Derrick Rose hasn't resembled the explosive playmaker who won the 2011 NBA MVP award as a member of the Chicago Bulls for some time thanks largely to injuries, but Adidas is reportedly still paying him and those around him head-turning amounts of money.
On Tuesday, Jon Wertheim of Sports Illustrated reported the publication obtained Rose's 40-page contract with Adidas that showed the point guard making an annual retainer of $12 million per season from 2012-13 through 2016-17 and $11 million this season.
"It also included annual royalties of up to $6.25 million per year, as much as $4.8 million in annual appearance fees and use of a private plane," Wertheim wrote.

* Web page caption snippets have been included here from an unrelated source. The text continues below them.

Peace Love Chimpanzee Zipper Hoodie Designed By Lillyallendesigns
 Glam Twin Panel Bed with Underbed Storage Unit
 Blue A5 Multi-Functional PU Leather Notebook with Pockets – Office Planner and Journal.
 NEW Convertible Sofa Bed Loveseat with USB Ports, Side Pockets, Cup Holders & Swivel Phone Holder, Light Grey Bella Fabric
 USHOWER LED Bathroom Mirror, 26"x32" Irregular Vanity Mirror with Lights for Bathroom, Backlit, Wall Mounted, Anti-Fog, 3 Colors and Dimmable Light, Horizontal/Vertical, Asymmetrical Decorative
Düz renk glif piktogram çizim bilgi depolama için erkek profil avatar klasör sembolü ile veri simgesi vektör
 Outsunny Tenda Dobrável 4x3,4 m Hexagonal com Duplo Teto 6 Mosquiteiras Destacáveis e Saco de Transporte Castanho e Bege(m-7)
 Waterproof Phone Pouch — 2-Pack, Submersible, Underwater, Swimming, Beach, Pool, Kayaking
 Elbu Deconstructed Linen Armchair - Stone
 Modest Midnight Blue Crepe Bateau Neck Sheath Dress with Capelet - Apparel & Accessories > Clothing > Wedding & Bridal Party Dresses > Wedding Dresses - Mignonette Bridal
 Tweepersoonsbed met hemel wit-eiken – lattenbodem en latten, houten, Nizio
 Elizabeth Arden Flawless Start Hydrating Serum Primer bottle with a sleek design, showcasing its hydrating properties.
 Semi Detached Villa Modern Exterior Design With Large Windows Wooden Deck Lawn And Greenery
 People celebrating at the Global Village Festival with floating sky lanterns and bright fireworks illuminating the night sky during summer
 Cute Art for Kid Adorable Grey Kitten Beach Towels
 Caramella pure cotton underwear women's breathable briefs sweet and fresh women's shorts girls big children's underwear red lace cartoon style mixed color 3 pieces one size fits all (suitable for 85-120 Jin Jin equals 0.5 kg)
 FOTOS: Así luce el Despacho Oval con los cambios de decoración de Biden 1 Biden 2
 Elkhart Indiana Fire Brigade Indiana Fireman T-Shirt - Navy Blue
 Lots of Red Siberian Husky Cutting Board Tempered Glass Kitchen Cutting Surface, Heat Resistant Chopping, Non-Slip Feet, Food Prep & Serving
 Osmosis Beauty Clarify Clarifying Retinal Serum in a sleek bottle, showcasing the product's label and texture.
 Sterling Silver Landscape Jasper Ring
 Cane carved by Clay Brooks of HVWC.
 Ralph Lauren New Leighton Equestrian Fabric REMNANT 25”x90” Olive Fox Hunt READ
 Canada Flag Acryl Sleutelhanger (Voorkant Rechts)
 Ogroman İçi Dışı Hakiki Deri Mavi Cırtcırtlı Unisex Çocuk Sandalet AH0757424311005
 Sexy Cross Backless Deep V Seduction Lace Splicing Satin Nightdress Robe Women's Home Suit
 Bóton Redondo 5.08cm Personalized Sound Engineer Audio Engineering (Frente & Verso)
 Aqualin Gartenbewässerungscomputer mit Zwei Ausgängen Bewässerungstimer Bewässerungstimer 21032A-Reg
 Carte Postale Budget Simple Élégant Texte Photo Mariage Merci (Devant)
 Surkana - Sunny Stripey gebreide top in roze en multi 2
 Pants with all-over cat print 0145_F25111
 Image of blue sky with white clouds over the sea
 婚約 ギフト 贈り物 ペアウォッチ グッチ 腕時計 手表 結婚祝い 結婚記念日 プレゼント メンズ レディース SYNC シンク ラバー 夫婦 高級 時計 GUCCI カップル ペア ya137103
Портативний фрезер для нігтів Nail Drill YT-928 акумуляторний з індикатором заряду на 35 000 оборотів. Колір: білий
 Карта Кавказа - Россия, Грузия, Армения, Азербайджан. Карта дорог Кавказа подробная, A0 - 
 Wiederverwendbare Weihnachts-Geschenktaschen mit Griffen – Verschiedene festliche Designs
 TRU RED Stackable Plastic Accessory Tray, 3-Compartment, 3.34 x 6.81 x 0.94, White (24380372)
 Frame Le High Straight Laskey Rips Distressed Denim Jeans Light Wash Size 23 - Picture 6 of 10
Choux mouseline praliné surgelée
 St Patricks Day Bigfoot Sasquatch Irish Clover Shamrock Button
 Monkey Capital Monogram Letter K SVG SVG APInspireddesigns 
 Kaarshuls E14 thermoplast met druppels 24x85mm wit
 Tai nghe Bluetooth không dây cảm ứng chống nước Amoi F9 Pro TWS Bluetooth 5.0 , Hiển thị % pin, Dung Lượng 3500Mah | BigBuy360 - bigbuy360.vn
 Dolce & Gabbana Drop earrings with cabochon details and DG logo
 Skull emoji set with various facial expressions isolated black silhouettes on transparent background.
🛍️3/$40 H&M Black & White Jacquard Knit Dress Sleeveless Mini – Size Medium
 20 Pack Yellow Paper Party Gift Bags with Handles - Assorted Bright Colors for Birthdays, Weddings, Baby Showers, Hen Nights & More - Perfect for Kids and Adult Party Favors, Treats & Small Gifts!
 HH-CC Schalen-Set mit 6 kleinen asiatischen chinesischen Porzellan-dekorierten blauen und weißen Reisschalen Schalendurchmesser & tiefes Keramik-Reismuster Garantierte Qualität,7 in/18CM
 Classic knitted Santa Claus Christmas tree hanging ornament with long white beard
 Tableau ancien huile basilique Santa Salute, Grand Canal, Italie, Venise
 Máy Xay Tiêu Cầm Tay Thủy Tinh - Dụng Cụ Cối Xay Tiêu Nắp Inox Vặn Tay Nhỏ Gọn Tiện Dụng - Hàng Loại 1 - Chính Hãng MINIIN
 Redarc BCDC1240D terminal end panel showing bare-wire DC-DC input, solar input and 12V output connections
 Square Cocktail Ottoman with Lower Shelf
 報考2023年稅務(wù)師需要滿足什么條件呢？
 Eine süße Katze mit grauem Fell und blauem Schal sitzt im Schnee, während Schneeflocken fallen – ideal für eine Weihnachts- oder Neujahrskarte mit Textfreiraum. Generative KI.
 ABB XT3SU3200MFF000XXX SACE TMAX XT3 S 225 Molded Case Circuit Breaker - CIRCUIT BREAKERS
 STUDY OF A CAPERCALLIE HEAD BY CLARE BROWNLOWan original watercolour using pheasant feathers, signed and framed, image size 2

In addition to Rose, his older brother, Reggie, makes between $250,000 and $300,000 a year from the deal as a consultant, and his best friend, Randall Hampton, takes in between $50,000 and $75,000 a year for "consulting."
While the payments for Rose given his current status in the NBA seem borderline absurd, Wertheim pointed out there was a timing element involved in all of this.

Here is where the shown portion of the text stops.